As an alternative to the "separate progression in each environment"
model, I can also think of it as one progression that manifests
differently in various environments, depending on how much opportunity
that environment gives me to fall out of my good habits. Definitely,
availability is key. The environment where I currently am contains an
iPad - absolutely detrimental. Things are very different with my
smartphone - I think because the way I think of my smartphone has long
solidified. I'm trying to start thinking of picking up that iPad as
essentially equivalent to opening a webbrowser.
One other important thing is control. If I'm in control of the
environment, I can organise it in such a way that it encourages good
habits. In this way, there can be a progression in the environment
itself - though the real progression is in my environment-shaping
decisionmaking.
So, to make a half-coherent theoretical model out of all this:
* There is the environment, over which I may have more or less
influence. The environment is inert.
* There is an environment-specific progression in how I decide to
organise it, to the extent I can.
* There is an environment-specific progression in how I think of and
react to elements of the environment.
* There is a general progression in my habits, which affects the
"starting point" of the other two progressions.
There are probably better habit-habitat models out there, but I think
this one is quite okay.

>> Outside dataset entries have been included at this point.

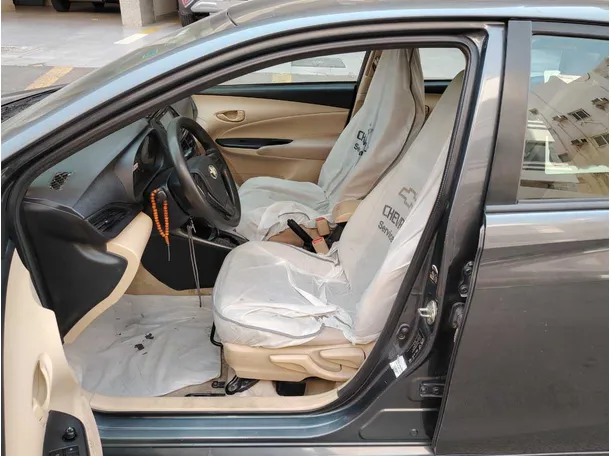 Car image 12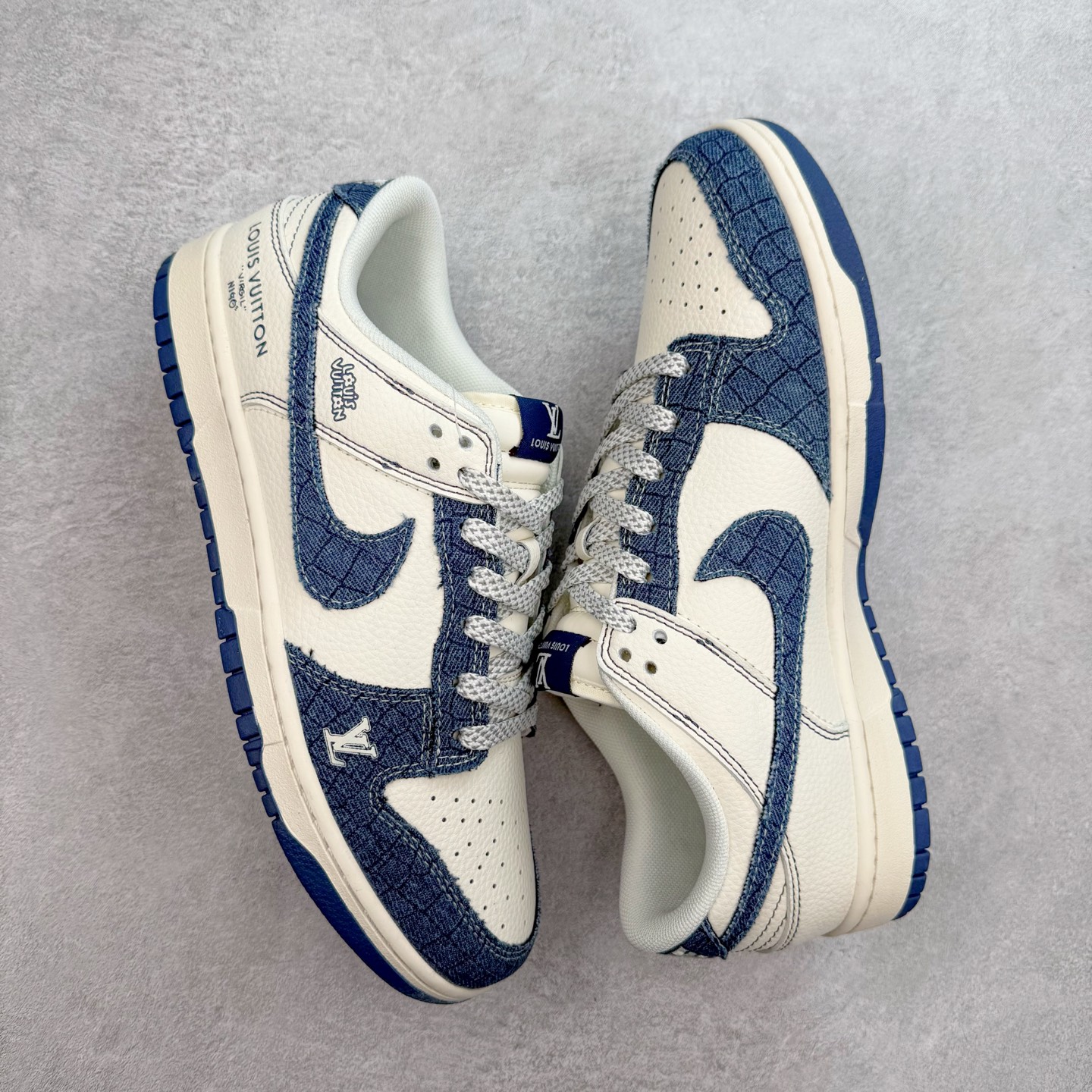 图片[3]-NK Dunk Low 定制配色 FC1688-221 大厂出品 极力推荐 原装头层材料 独家版型蒸餾加工帶來的是更好的视觉和脚感体验大厂纯原品质出货 清洁度 电绣工艺 皮料切割干净无任何毛边 细节完美 实拍调校N版已经零色差零失真 百分百还原实物色彩所见即所得 不存在货不对板色差等低级问题 选购参考实物拍摄 不混卖不参货 只用心做好货严格选品 承诺混一赔十 尺码：36 36.5 37.5 38 38.5 39 40 40.5 41 42 42.5 43 44 44.5 45-选品中心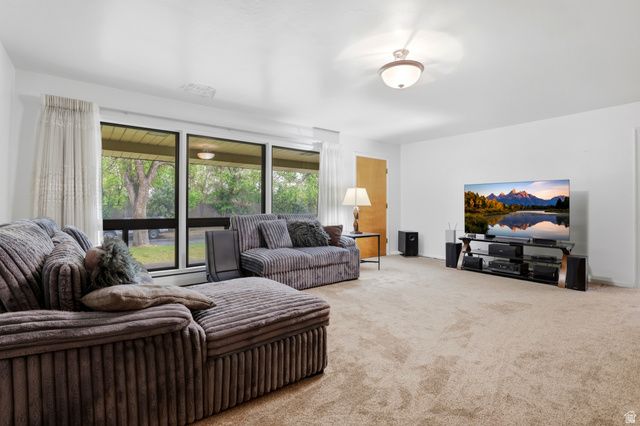 2252 E 6450 S, Cottonwood Heights, UT 84121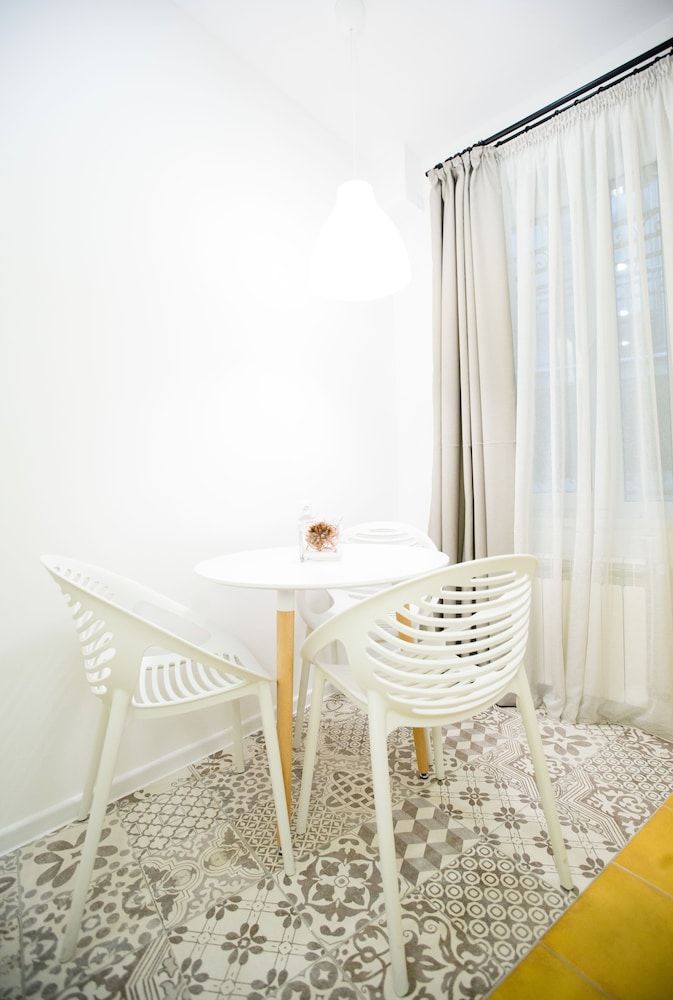 Meidan Suites Signature Apartment, 1 Bedroom, Courtyard View 3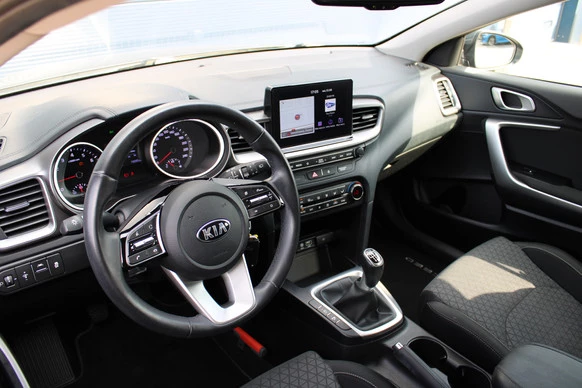 Kia Ceed - Afbeelding 10 van 30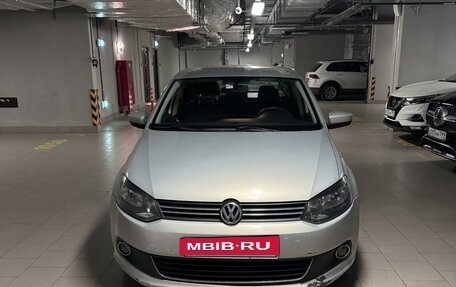 Volkswagen Polo VI (EU Market), 2011 год, 750 000 рублей, 2 фотография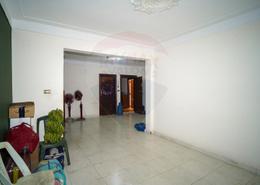 شقة - 2 غرف نوم - 1 حمام for للبيع in شارع خالد بن الوليد - سيدي بشر - حي اول المنتزة - الاسكندرية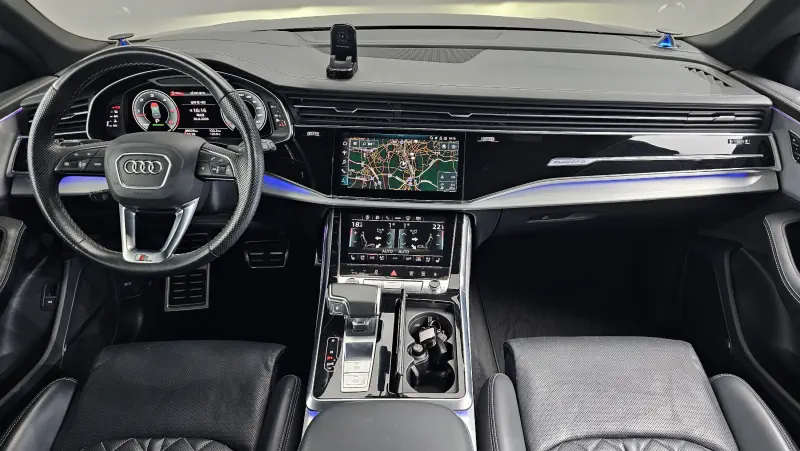 Audi Q8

It helps me think clearly about habit-changing:
three things in my thinking that I should pay attention to and that I
can gradually steer.

This log post got rather conceptual, and I'm now slightly tempted to
make an antilog post out of it, but I'd better not. Part of what led to
the four months without an update is that I was fixed on writing an
antilog post first - I have an idea for an antilog post, but I'm
finding it rather hard to write. I don't yet have a clear structure or
even what precisely is going to be my *main* point. I've tried multiple
times to "sit down and write it", but that really isn't working, so now
I'm trying to "just write what I'm thinking, I'll make it into
something coherent later".
I also have another idea for an antilog post, and beginning plans for a
third type of post that I want to write for this capsule. I think I'll
start writing pieces in parallel, so that when I'm stuck on one piece,
I can work on something else. And of course I can always write a log
post to break the silence. I don't expect updates to this capsule will
ever happen *very* frequently, but I certainly hope quite a bit more
frequently than so far.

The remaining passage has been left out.